Data segment →
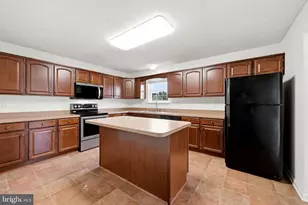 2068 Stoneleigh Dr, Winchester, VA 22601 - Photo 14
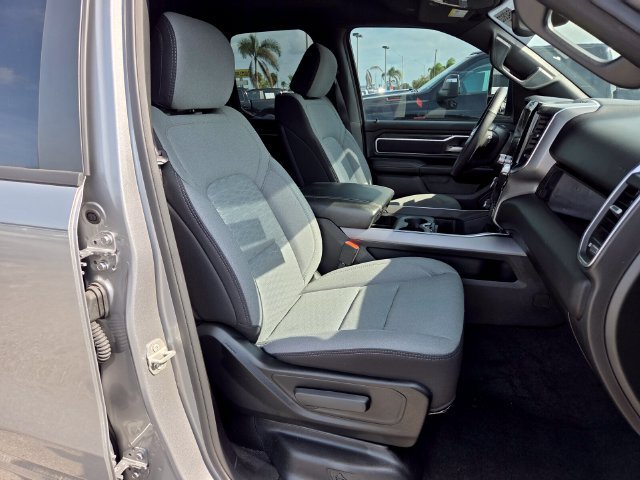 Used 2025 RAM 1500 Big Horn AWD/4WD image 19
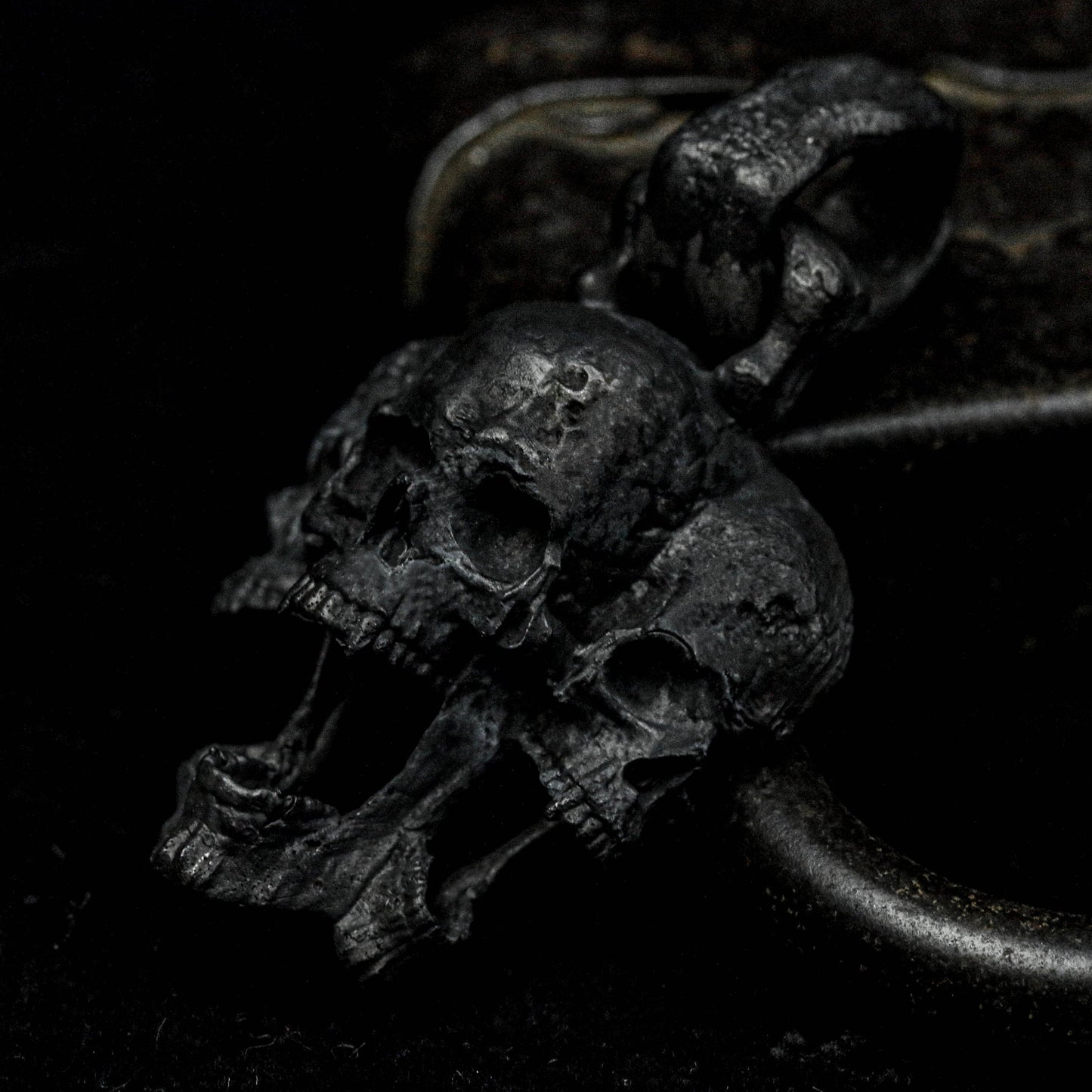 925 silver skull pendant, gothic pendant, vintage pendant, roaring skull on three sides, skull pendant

Prompt →
Copy the material above in full and exactly, skipping pictures.

Answer to the exercise →
 2068 Stoneleigh Dr, Winchester, VA 22601 - Photo 14
 Used 2025 RAM 1500 Big Horn AWD/4WD image 19
 925 silver skull pendant, gothic pendant, vintage pendant, roaring skull on three sides, skull pendant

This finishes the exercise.